Questo metodo di integrare i criteri ESG, anche se infinitamente più complesso e approfondito rispetto al semplice utilizzo di punteggi ESG per ridurre l’universo investibile non è spesso categorizzato come strategia sostenibile. Alcuni clienti che vogliono investire in strategie sostenibili semplicemente non vogliono avere a che fare con società con dei pessimi punteggi ESG, anche se questi sono riflessi nel prezzo del titolo.

Proviamo a usare un altro esempio, paragonando l’impronta di carbonio di due società che producono smartphone. La prima ha esternalizzato tutte le operazioni, mentre la seconda è integrata verticalmente. La prima presenta un impronta di carbonio ridotta, mentre quella della seconda è molto più elevata. Si tratta ovviamente di un’illusione: il processo produttivo di uno smartphone genera più o meno la stessa quantità di CO2. Questo non è visibile nei dati, ma serve la conoscenza e il giudizio per capire come mai il dato differisce così marcatamente tra una società e l’altra. Se non vi sono risorse dedicate a questi temi e gli analisti non hanno accesso a una ricerca dedicata o una comprensione di questi aspetti, non sarà possibile integrare strutturalmente la sostenibilità.
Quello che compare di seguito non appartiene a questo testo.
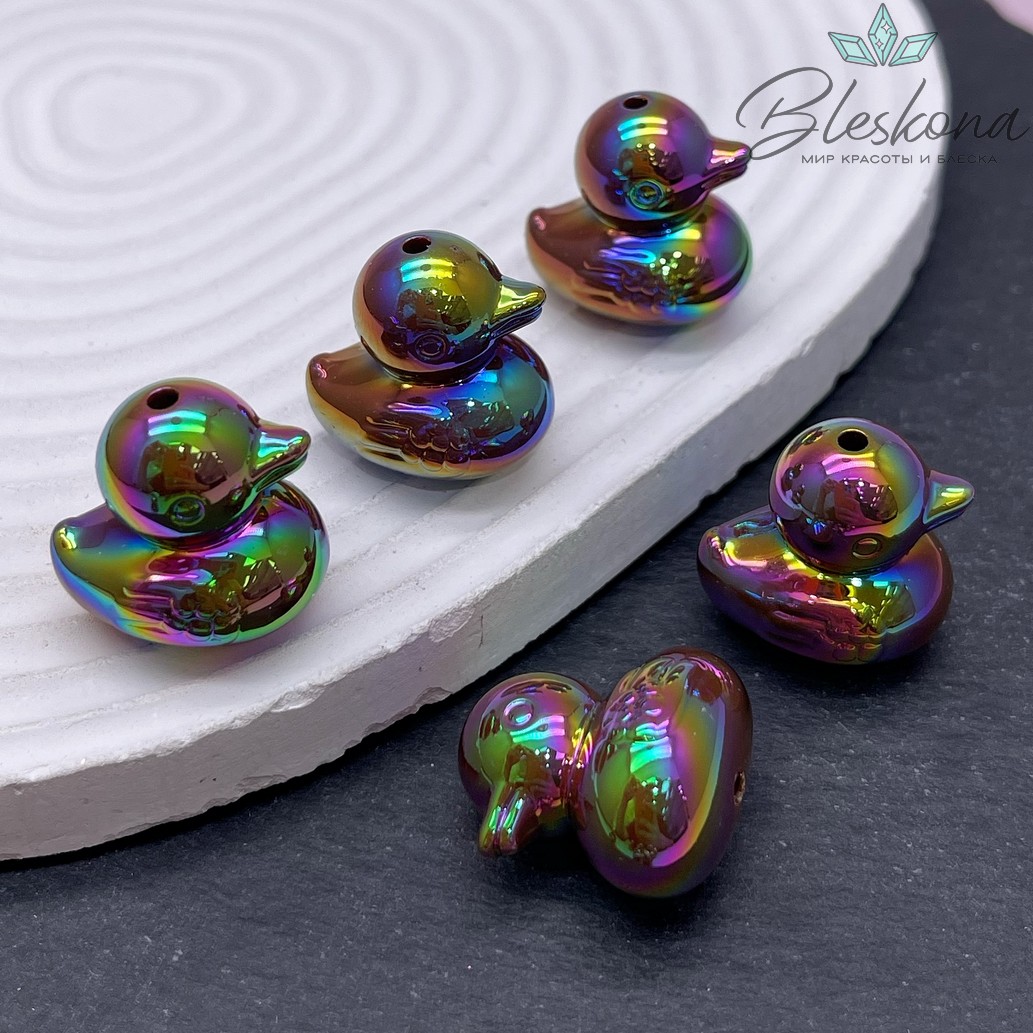 22*21 мм Бусина Уточка хамелеон №1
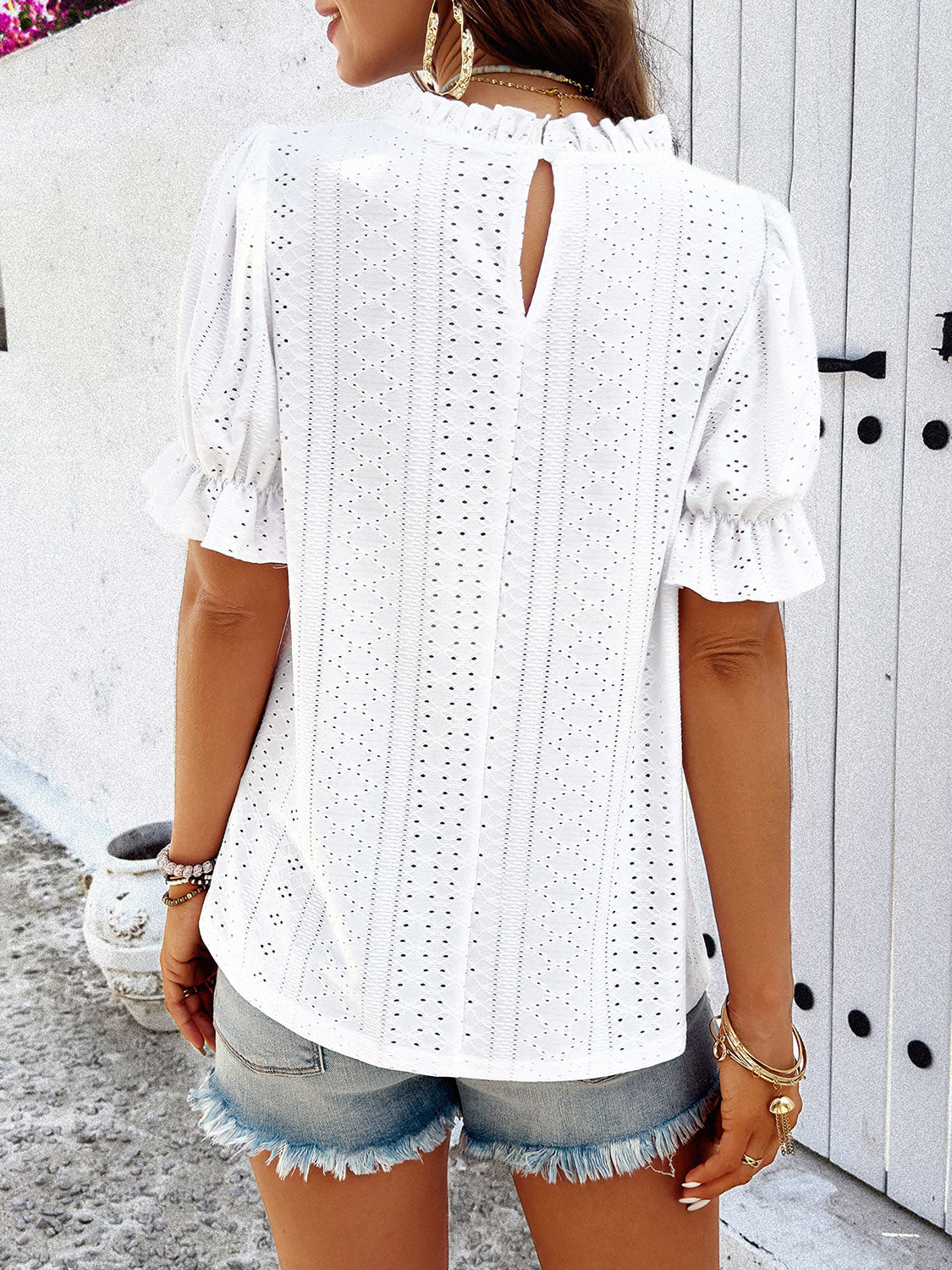 Eyelet Mock Neck Flounce Sleeve Blouse nicholesgifts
È interessante anche il comportamento in materia di voto. Le ricerche mostrano che alcuni dei più grandi investitori (passivi) votano quasi sempre seguendo le raccomandazioni del management, anche per quanto riguarda le proposte degli azionisti legate a problematiche ambientali e sociali. Crediamo che questo metta in dubbio la credibilità dell’investitore.

Questo ci porta al punto chiave: far seguire alle parole i fatti. Quanto può essere credibile una società che offre alcuni ottimi fondi sostenibili ma che non fa nulla per quanto riguarda gli altri prodotti, o alle proprie operazioni, come le pratiche di voto di cui si è parlato in precedenza.

Infine, una parola sul labeling. Può essere un’indicazione utile e un sigillo di approvazione per un fondo, che può servire agli investitori retail.

Le etichette attuali però differiscono molto le une con le altre, molto probabilmente perché gli approcci all’investimento sostenibile sono molto variegati. L’etichetta SRI francese, ad esempio, si concentra più sull’approccio all’investimento, sul processo e sulla trasparenza. Viene verificata esternamente e quindi è fondamentale saper dimostrare di avere i dati, i processi e le procedure corrette per l’ottenimento dell’etichetta.

L’etichetta belga è di natura più prescrittiva, in particolare in merito a ciò in cui non investire. Tuttavia, persiste un ampio margine di manovra, e gli asset manager devono comunque condurre le proprie ricerche. Se è necessario escludere una società elettrica che non è conforme all’accordo di Parigi come si può valutare?

Quindi, anche quando sono presenti le etichette, rimane comunque spazio per il dibattito. L’elemento più importante è la trasparenza: gli asset manager devono mostrare chiaramente ciò che è e cio che non è parte della strategia del fondo, indipendentemente dal fatto che sia definito sostenibile, responsabile o altro.